Celle de Jean-Jacques Salgon, place de l’Oie aux Vans, c’est tout autre chose. Il l’a achetée, en deux fois qui n’en sont qu’une, elle est à lui, et dans ce livre, il nous la fait visiter.
Ce n’est pas rien de faire visiter sa maison, son intérieur. Et ce voyage que Jean-Jacques Salgon nous invite à faire avec lui, cette visite dans laquelle aucune pièce n’est oubliée, ce choix des meubles, tableaux, photographies, affiches, objets etc. nous en apprend beaucoup sur notre propre rapport au temps, celui qui passe, celui qui nous fonde, nous malaxe, notre propre rapport à nous même, perdus, retrouvés, dans la (les) maison(s) qui nous habitent sans fin. Découpé en cinq niveaux, dont les caves, un préambule et un épilogue, ce beau récit donne à lire un secret, un secret qui même lu, à mon sens, en demeurera un et ce n’est pas le moindre des mérites de Jean-Jacques Salgon, auteur qui depuis 07 et autres récits chez le même éditeur en 1993, en passant par Tu ne connaîtras jamais les Mayas à L’Escampette en 2000 – qui m’a permis de le rencontrer –, Papa fume la pipe, Fernand (L’Escampette) ou Ma vie à Saint-Domingue (Verdier) – entre autres –, auteur donc qui fait partie de ma famille au même titre que Rimbaud et Tintin, que Perec et Sebald.

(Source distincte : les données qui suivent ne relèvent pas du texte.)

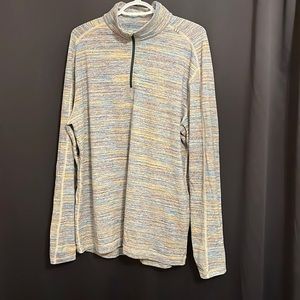 Lululemon Pullover Hoodie Yellow & Blue Striped Women’s Size XL
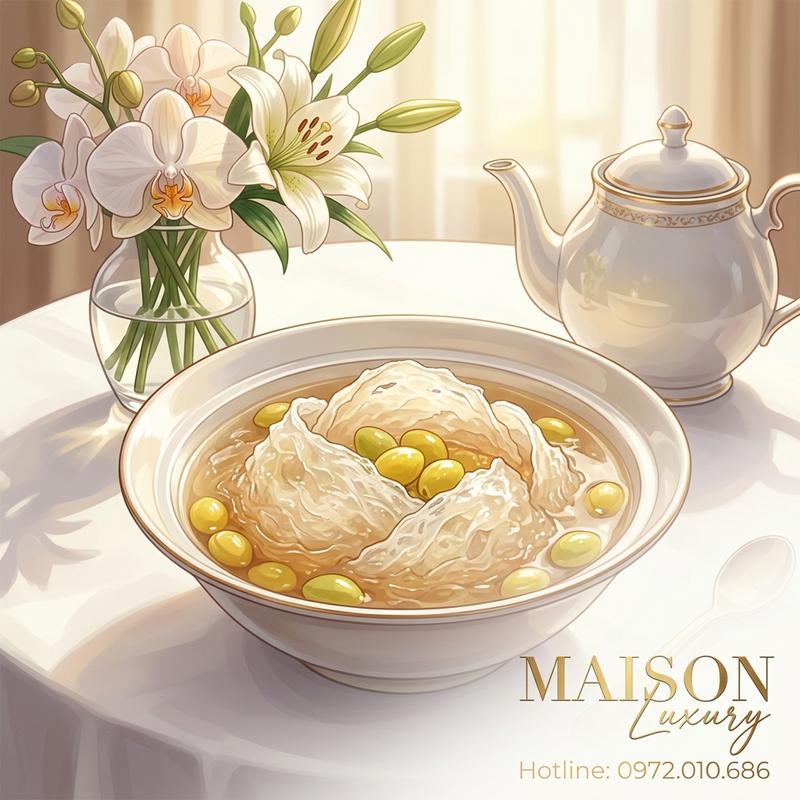 Cách Chưng Yến Với Bạch Quả Tăng Cường Tuần Hoàn Máu Não Cho Người Cao Tuổi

Chaque pièce, chaque chose, est l’objet d’une remémoration, d’un souvenir qu’il soit attaché ou non à la maison et Jean-Jacques Salgon a l’art de faire glisser la mémoire et la phrase dans des intériorisations, des rencontres, des associations, entre histoire et Histoire, famille et amis, jeunesse et âge mûr sans que jamais vieillir soit ressenti comme une calamité, sans que l’on s’y perde, sans que l’on ait le sentiment de voir quelque chose qui ne nous regarde pas.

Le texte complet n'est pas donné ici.